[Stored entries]
+ + + + + + +
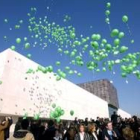 Jóvenes de la comunidad soltaron cientos de globos durante la cita «Libera tu mensaje»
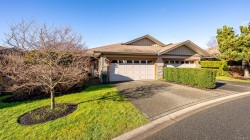 66-2300 Murrelet Dr  Comox, BC V9M 4J2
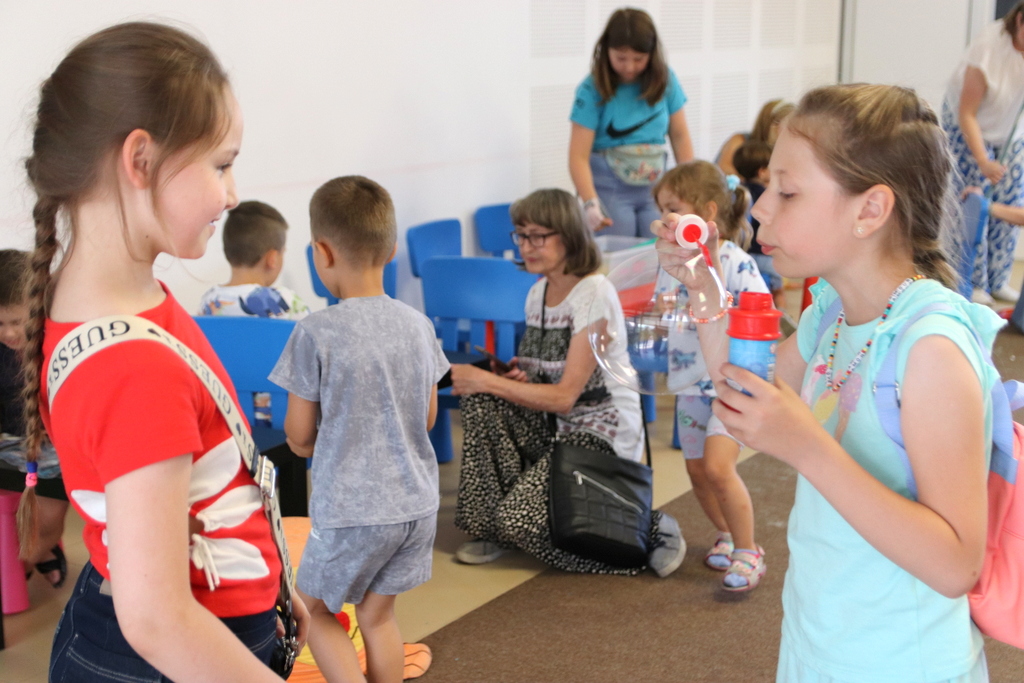 Niebieska moc zabawy 17/07/2026,
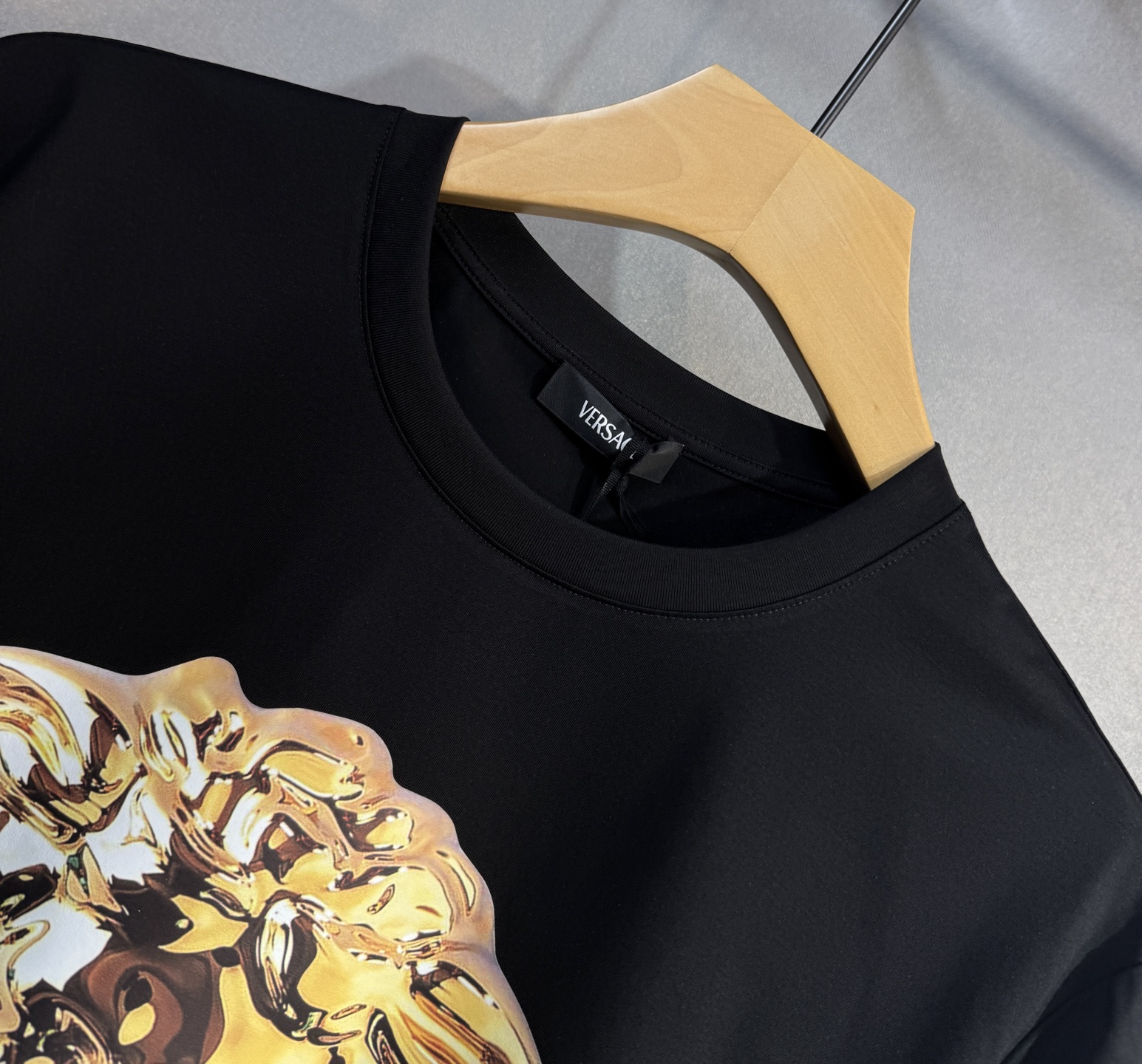 🔥VERSACE 范思哲 25SS新款春夏短袖 最高版本客供定制高端丝光棉面料 简单时尚款，配色超级好看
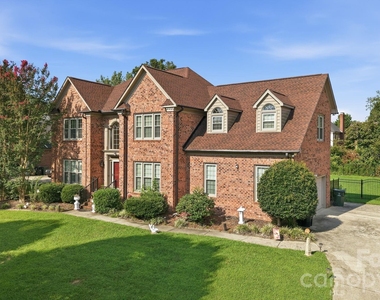 142 Cottontail Lane Se - Photo Thumbnail 1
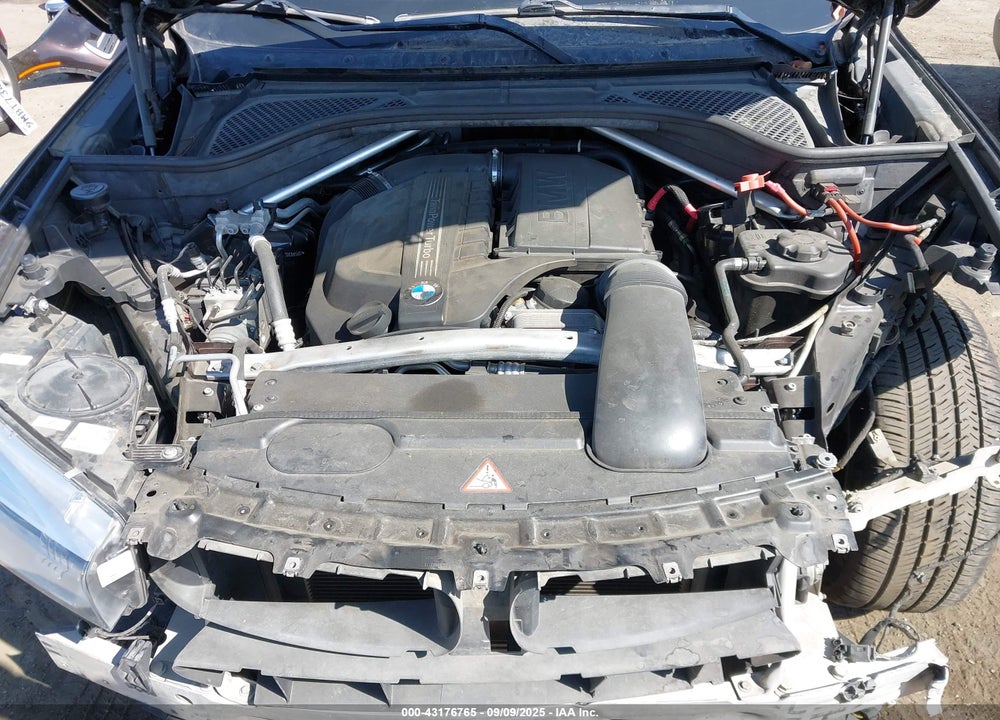 2014 BMW X5 VIN: 5UXKR2C5XE0C00586
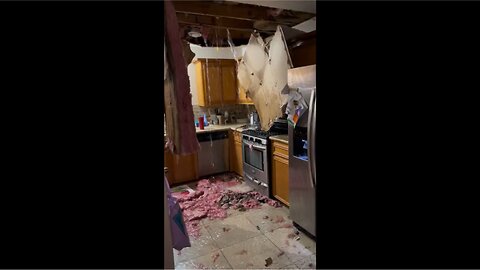 Extreme Burst Pipe Destroys Texas Home!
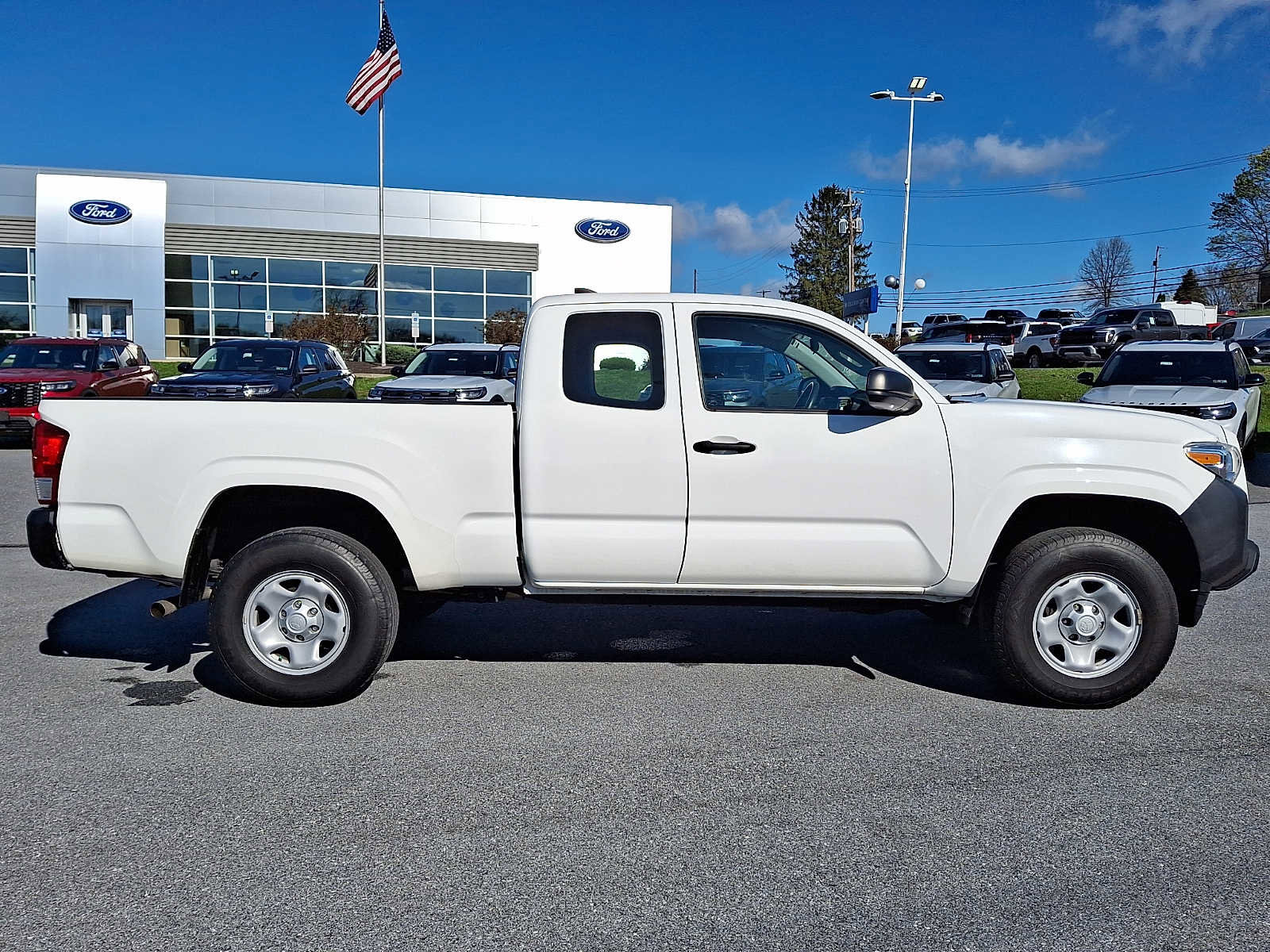 Used 2016 Toyota Tacoma SR image 7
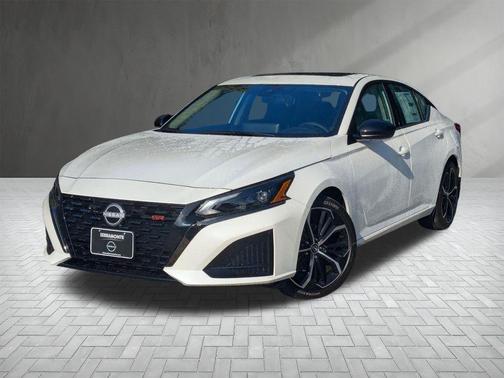 2025 Nissan Altima SR FWD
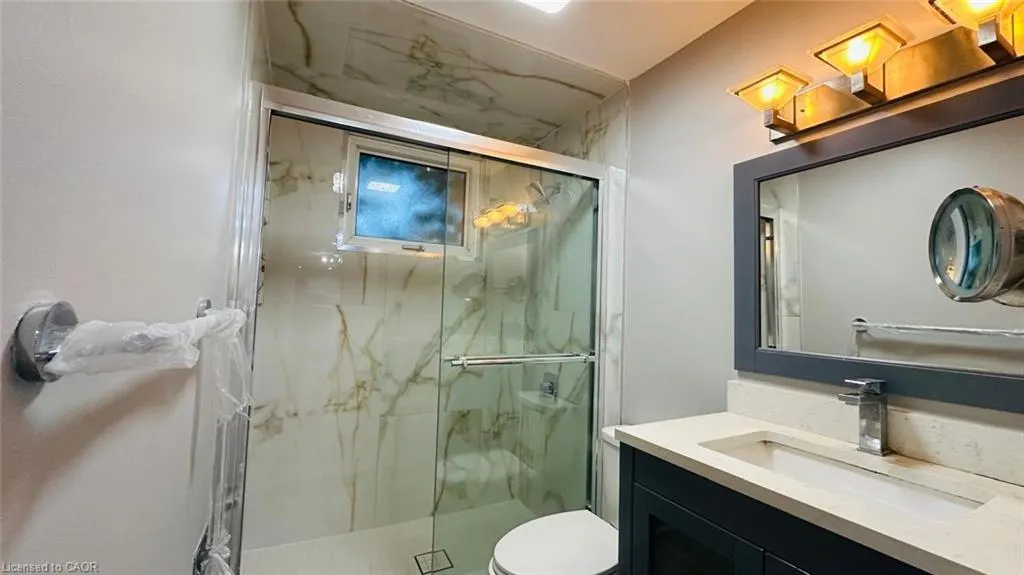 38 Jay Court, #UPPER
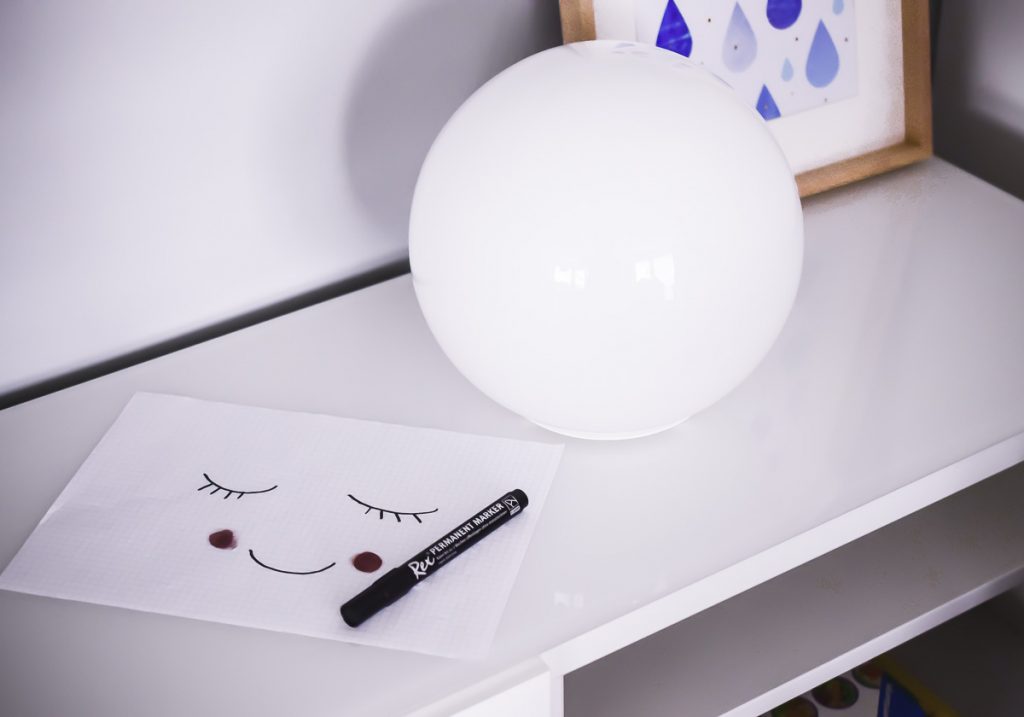 DIY Nachtlampe Ikea Fado Lampe selber machen Schlafende Augen Smart Home Kinderzimmer Tipps Erfahrungen E.ON Plus Smart Home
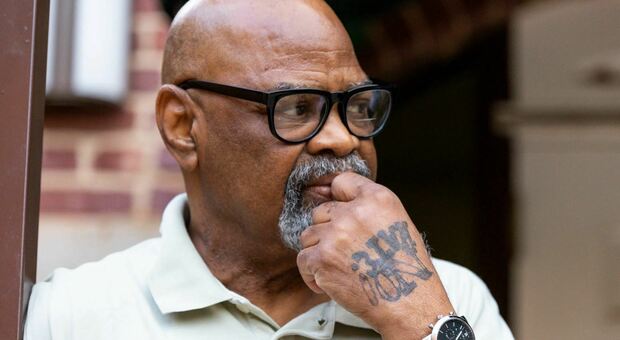 Glynn Simmons scagionato dopo 48 anni di carcere: «È innocente». Fu scambiato per il killer di una commessa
+ + + + + + +
## EXERCISE REQUIREMENTS
Give back each line above verbatim, dropping every picture.

## RESPONSE FOR THIS EXERCISE
 Jóvenes de la comunidad soltaron cientos de globos durante la cita «Libera tu mensaje»
 66-2300 Murrelet Dr  Comox, BC V9M 4J2
 Niebieska moc zabawy 17/07/2026,
 🔥VERSACE 范思哲 25SS新款春夏短袖 最高版本客供定制高端丝光棉面料 简单时尚款，配色超级好看
 142 Cottontail Lane Se - Photo Thumbnail 1
 2014 BMW X5 VIN: 5UXKR2C5XE0C00586
 Extreme Burst Pipe Destroys Texas Home!
 Used 2016 Toyota Tacoma SR image 7
 2025 Nissan Altima SR FWD
 38 Jay Court, #UPPER
 DIY Nachtlampe Ikea Fado Lampe selber machen Schlafende Augen Smart Home Kinderzimmer Tipps Erfahrungen E.ON Plus Smart Home
 Glynn Simmons scagionato dopo 48 anni di carcere: «È innocente». Fu scambiato per il killer di una commessa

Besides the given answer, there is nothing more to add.